[Task to complete]
Each line from the beginning of the entries below through the line that includes "Dendrobium limpidum (potted)" must be returned exactly as given.

[Provided records]

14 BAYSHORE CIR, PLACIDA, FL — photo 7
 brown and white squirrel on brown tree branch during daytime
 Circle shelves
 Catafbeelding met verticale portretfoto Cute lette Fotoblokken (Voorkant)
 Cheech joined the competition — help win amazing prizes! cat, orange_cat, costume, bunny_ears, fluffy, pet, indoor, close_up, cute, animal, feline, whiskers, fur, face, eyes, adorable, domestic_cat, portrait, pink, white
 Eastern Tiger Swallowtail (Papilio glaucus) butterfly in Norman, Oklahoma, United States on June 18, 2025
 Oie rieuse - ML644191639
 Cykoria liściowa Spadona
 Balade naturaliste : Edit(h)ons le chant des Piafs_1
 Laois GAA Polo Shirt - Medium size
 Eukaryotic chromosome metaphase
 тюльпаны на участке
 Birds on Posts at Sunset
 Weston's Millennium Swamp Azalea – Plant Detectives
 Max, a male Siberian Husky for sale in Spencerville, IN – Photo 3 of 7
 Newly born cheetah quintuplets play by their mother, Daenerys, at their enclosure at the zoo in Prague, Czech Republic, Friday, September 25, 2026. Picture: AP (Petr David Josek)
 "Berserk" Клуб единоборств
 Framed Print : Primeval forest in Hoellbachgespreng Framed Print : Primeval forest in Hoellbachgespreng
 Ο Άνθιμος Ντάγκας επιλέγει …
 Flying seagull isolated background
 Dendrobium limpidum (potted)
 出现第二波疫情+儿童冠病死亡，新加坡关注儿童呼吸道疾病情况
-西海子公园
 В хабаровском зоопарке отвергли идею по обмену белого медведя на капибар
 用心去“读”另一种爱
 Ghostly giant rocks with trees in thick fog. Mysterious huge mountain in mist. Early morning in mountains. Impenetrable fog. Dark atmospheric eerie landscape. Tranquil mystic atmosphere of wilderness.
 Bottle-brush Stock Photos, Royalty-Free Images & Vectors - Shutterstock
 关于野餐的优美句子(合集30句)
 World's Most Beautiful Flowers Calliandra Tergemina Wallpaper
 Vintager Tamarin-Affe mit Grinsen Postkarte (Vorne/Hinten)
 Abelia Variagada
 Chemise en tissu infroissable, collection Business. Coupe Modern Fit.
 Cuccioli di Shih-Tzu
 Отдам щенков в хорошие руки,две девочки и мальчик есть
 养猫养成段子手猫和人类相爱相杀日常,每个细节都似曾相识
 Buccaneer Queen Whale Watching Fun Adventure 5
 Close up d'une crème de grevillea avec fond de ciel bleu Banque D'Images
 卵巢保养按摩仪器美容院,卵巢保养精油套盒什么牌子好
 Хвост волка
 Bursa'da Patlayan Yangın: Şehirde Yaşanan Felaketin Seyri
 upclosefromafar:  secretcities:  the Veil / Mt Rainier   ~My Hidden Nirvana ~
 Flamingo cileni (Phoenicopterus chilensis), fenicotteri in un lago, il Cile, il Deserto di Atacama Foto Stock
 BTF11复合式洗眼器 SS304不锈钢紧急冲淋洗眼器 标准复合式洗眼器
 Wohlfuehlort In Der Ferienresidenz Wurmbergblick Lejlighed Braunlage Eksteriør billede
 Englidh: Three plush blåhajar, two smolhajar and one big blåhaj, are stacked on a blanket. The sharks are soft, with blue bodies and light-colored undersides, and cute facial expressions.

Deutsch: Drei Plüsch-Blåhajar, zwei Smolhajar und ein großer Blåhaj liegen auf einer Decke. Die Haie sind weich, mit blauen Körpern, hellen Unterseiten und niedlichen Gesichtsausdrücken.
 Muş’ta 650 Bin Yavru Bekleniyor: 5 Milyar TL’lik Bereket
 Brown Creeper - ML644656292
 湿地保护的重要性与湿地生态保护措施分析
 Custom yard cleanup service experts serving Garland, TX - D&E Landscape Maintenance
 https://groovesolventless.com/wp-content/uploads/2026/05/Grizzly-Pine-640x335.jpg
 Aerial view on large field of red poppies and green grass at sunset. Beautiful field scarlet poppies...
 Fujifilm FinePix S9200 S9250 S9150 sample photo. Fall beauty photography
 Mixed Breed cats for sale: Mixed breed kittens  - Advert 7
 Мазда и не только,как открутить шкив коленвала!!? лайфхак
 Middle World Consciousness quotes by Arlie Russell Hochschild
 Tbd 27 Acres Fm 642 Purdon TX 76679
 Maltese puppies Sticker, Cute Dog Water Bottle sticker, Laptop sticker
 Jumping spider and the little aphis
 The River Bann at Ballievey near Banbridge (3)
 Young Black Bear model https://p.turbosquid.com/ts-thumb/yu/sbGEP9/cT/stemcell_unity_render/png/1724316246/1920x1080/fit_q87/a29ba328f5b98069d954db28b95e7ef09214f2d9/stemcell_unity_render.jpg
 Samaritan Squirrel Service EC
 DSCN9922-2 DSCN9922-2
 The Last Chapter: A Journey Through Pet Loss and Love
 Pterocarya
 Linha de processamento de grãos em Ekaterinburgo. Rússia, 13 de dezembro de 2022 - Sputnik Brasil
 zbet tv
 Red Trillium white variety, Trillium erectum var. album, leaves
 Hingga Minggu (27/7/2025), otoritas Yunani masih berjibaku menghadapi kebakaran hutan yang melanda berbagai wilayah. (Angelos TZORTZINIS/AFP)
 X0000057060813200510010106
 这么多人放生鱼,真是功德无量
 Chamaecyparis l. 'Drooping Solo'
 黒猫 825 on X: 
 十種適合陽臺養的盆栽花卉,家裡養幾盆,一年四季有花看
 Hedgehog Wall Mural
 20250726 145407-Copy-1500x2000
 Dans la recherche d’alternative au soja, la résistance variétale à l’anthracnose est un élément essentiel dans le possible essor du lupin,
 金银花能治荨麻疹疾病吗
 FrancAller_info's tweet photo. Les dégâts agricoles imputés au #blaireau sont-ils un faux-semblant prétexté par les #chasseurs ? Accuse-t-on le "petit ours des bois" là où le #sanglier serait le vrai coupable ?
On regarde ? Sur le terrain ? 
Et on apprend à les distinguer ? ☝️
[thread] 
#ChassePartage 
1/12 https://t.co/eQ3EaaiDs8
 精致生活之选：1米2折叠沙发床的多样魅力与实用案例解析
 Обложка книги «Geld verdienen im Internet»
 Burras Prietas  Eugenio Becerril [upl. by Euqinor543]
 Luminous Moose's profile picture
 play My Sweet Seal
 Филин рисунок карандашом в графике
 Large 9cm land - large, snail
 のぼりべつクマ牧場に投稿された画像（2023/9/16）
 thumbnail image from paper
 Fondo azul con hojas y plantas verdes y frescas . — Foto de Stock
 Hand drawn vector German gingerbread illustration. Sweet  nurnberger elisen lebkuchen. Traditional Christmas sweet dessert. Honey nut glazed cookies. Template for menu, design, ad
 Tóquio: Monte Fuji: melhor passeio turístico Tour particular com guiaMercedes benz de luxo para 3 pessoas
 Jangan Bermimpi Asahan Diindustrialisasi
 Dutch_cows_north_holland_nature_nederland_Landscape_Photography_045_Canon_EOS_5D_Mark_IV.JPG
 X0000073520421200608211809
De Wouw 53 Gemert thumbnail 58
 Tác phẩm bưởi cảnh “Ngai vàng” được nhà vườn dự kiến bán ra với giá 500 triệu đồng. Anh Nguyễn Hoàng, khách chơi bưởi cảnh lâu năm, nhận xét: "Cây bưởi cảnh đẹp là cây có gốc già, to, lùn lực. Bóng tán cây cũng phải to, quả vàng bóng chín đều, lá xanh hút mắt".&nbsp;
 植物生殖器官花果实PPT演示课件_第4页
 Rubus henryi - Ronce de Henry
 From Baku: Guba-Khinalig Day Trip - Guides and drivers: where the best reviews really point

[Solved exercise]
14 BAYSHORE CIR, PLACIDA, FL — photo 7
 brown and white squirrel on brown tree branch during daytime
 Circle shelves
 Catafbeelding met verticale portretfoto Cute lette Fotoblokken (Voorkant)
 Cheech joined the competition — help win amazing prizes! cat, orange_cat, costume, bunny_ears, fluffy, pet, indoor, close_up, cute, animal, feline, whiskers, fur, face, eyes, adorable, domestic_cat, portrait, pink, white
 Eastern Tiger Swallowtail (Papilio glaucus) butterfly in Norman, Oklahoma, United States on June 18, 2025
 Oie rieuse - ML644191639
 Cykoria liściowa Spadona
 Balade naturaliste : Edit(h)ons le chant des Piafs_1
 Laois GAA Polo Shirt - Medium size
 Eukaryotic chromosome metaphase
 тюльпаны на участке
 Birds on Posts at Sunset
 Weston's Millennium Swamp Azalea – Plant Detectives
 Max, a male Siberian Husky for sale in Spencerville, IN – Photo 3 of 7
 Newly born cheetah quintuplets play by their mother, Daenerys, at their enclosure at the zoo in Prague, Czech Republic, Friday, September 25, 2026. Picture: AP (Petr David Josek)
 "Berserk" Клуб единоборств
 Framed Print : Primeval forest in Hoellbachgespreng Framed Print : Primeval forest in Hoellbachgespreng
 Ο Άνθιμος Ντάγκας επιλέγει …
 Flying seagull isolated background
 Dendrobium limpidum (potted)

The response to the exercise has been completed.